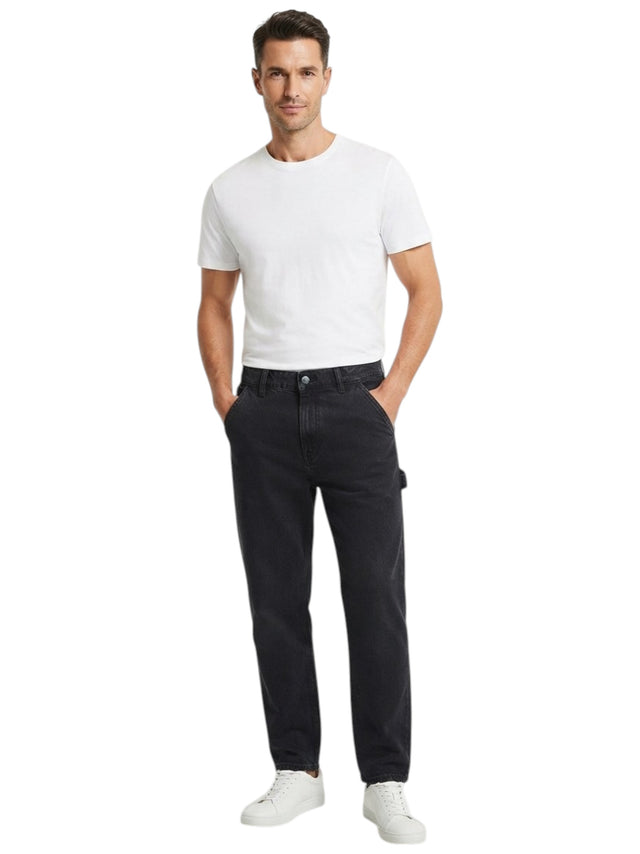 Image for Men's Plain Denim Jeans Pants,Black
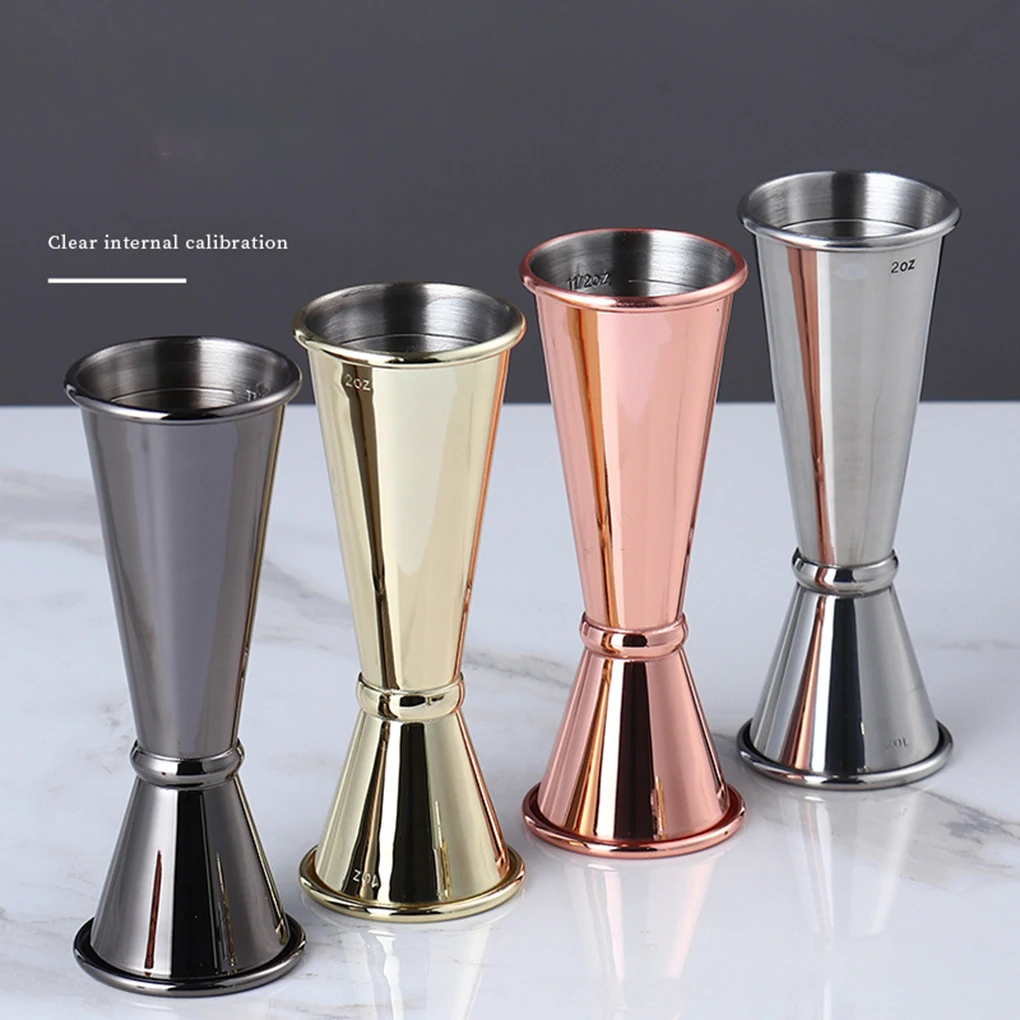 15 30ml Dual Head Measuring Glass Bar Kitchen Wine Beer Cocktail Mixing  Cups Stainless Steel Jug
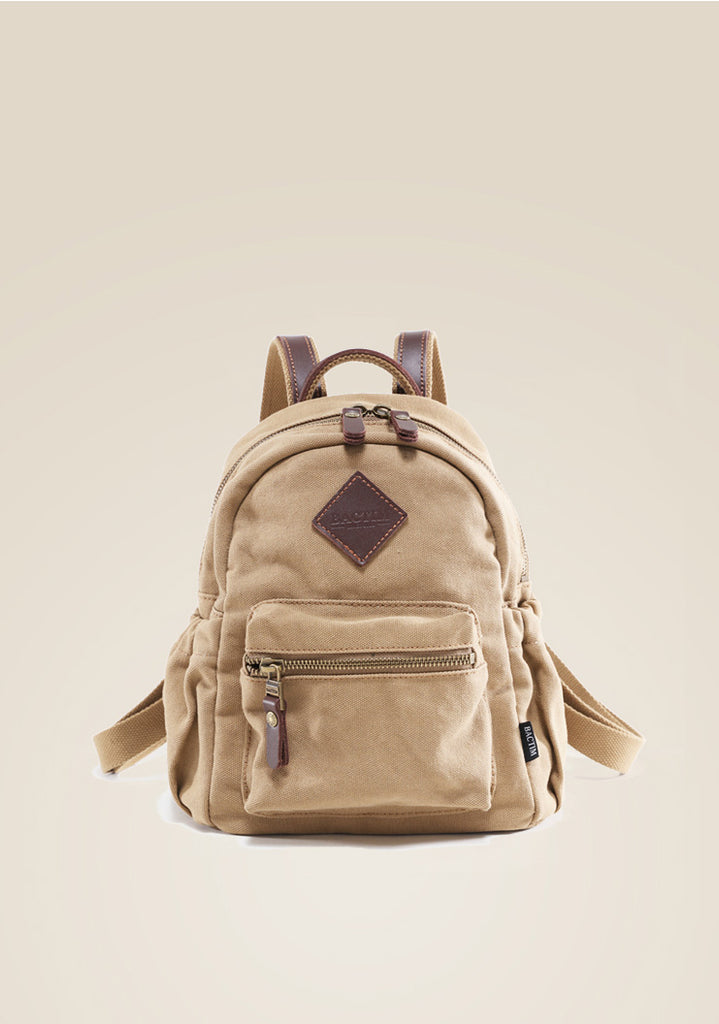 canvas leather stylish backpack Stylish Women's Brown Canvas And Leather Backpack Purse Small Rucksack Bag With Zipper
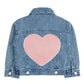 Sweet Wink Pearl Heart Patch Denim Jacket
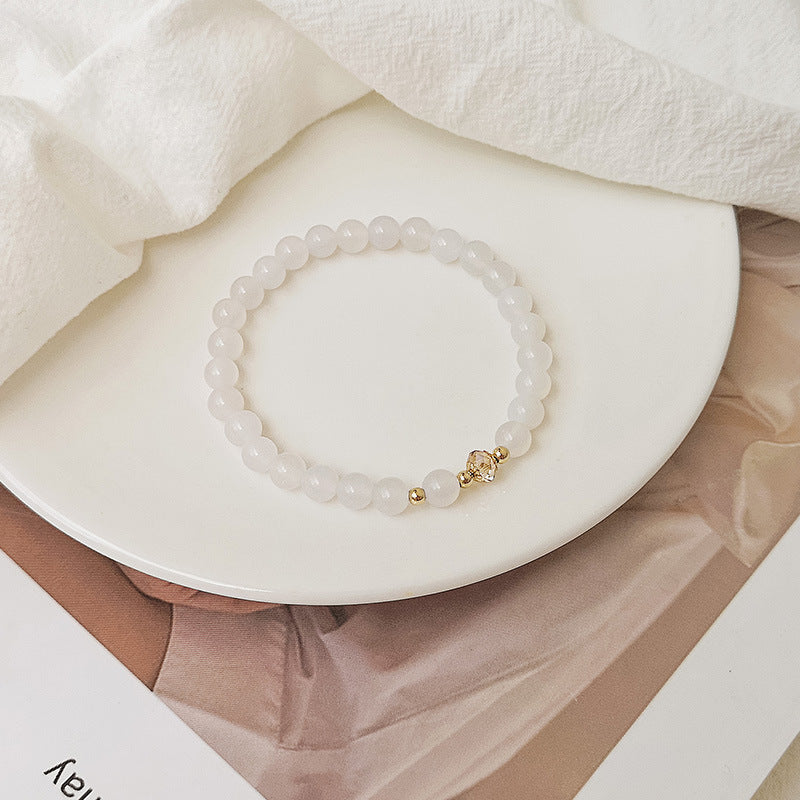 Natural Crystal Women's 14K Gilded Accessories Aquamarine Bracelet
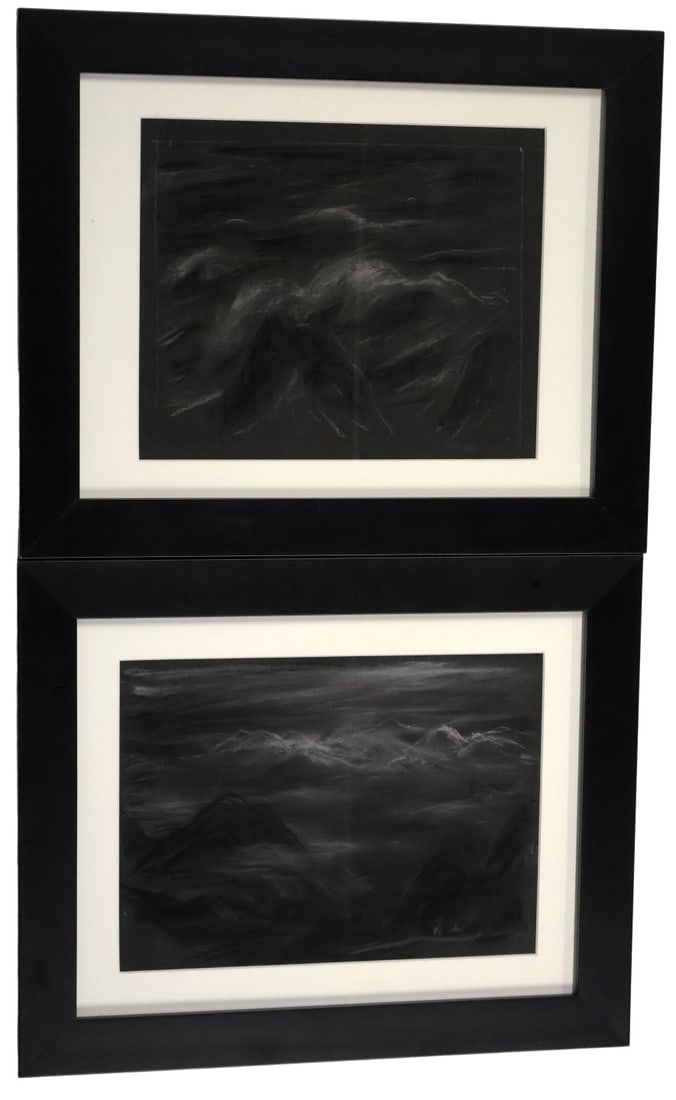 Eliot Candee Clark (1883-1980) [2 works]: Mountain landscape scenes. pastel drawings on paper. Monogrammed lower left in pencil. Pelham, NY collection. - Dimensions: 8.25" x 11.5" & Frame 13.5" x 16.5"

━━━━━━━━━━━━━━━━━━━━━━━━━━━━━━

WHAT IS NEEDED - Leaving out only the pictures, reproduce the listing exactly.

FINISHED TASK -
 Image for Men's Plain Denim Jeans Pants,Black
 15 30ml Dual Head Measuring Glass Bar Kitchen Wine Beer Cocktail Mixing  Cups Stainless Steel Jug
 canvas leather stylish backpack Stylish Women's Brown Canvas And Leather Backpack Purse Small Rucksack Bag With Zipper
 Sweet Wink Pearl Heart Patch Denim Jacket
 Natural Crystal Women's 14K Gilded Accessories Aquamarine Bracelet
 Eliot Candee Clark (1883-1980) [2 works]: Mountain landscape scenes. pastel drawings on paper. Monogrammed lower left in pencil. Pelham, NY collection. - Dimensions: 8.25" x 11.5" & Frame 13.5" x 16.5"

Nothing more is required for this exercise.